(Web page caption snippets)
>>>>
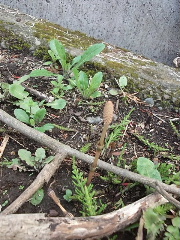 f0043559_15462932.jpg
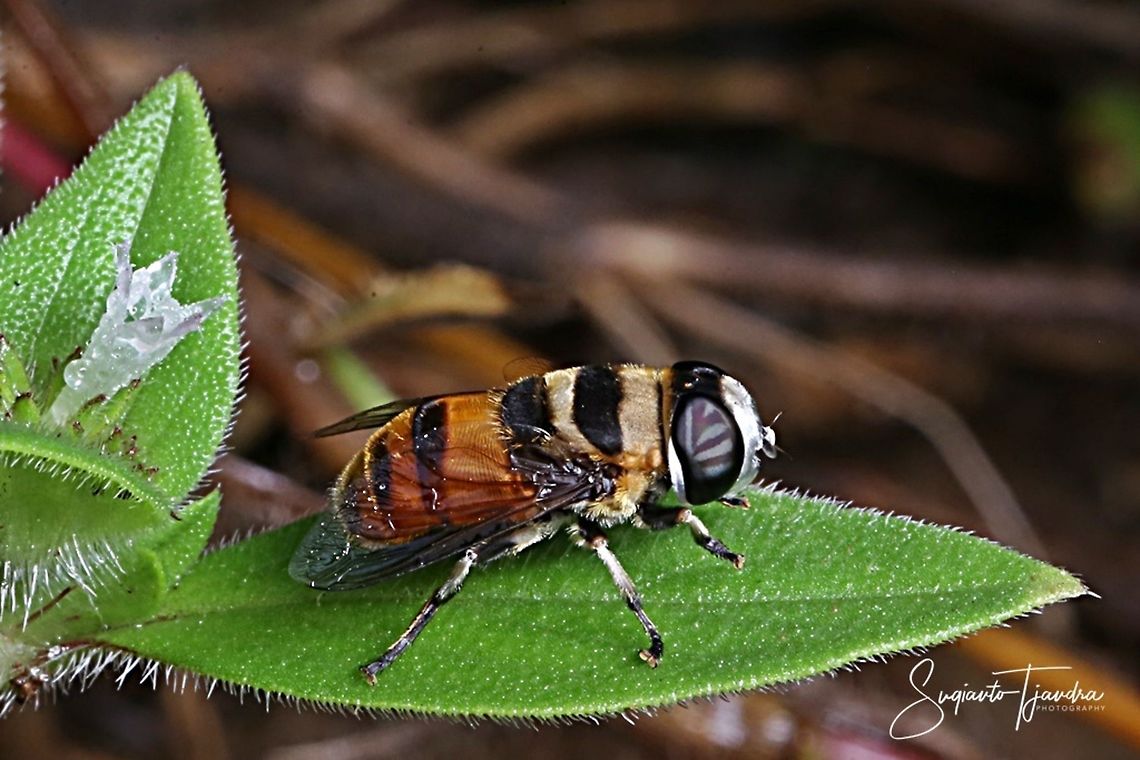 Hoverfly (Palpada vinetorum ????)  Geotagged,Indonesia,Winter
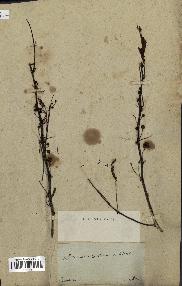 spécimen de Acacia arabica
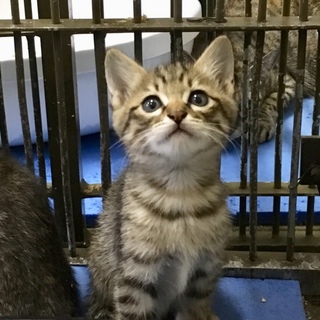 可愛い兄妹５子猫たち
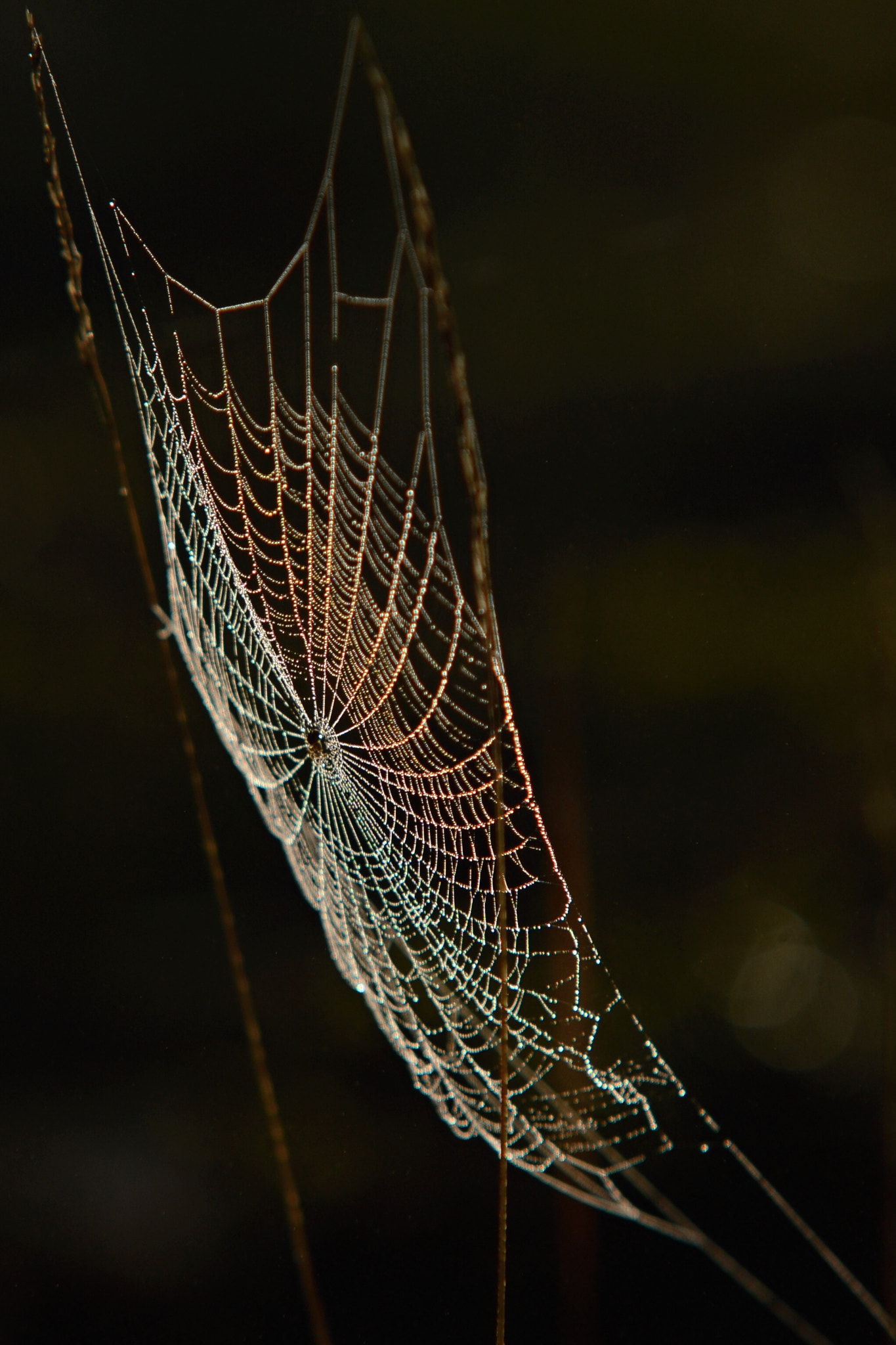 Sigma 70-200mm F2.8 EX DG Macro HSM II sample photo. Gossamer... photography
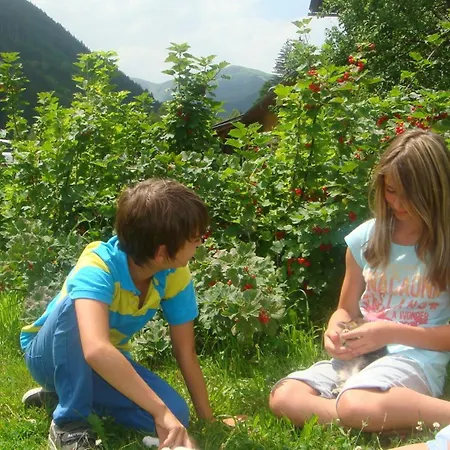 Bio-bauernhof Obertrattenbachhof Neukirchen am Großvenediger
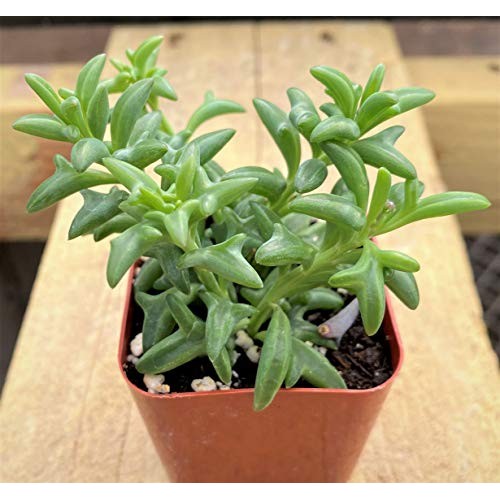 Live Succulent Plants, Fresh String of Dolphins Senecio Peregrinu...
<<<<
**EXERCISE**: With pictures left out, repeat exactly the lines from the line bearing "Sigma 70-200mm F2.8" through the final line of the records above.

**OUTPUT FOR THIS TASK**:
 Sigma 70-200mm F2.8 EX DG Macro HSM II sample photo. Gossamer... photography
 Bio-bauernhof Obertrattenbachhof Neukirchen am Großvenediger
 Live Succulent Plants, Fresh String of Dolphins Senecio Peregrinu...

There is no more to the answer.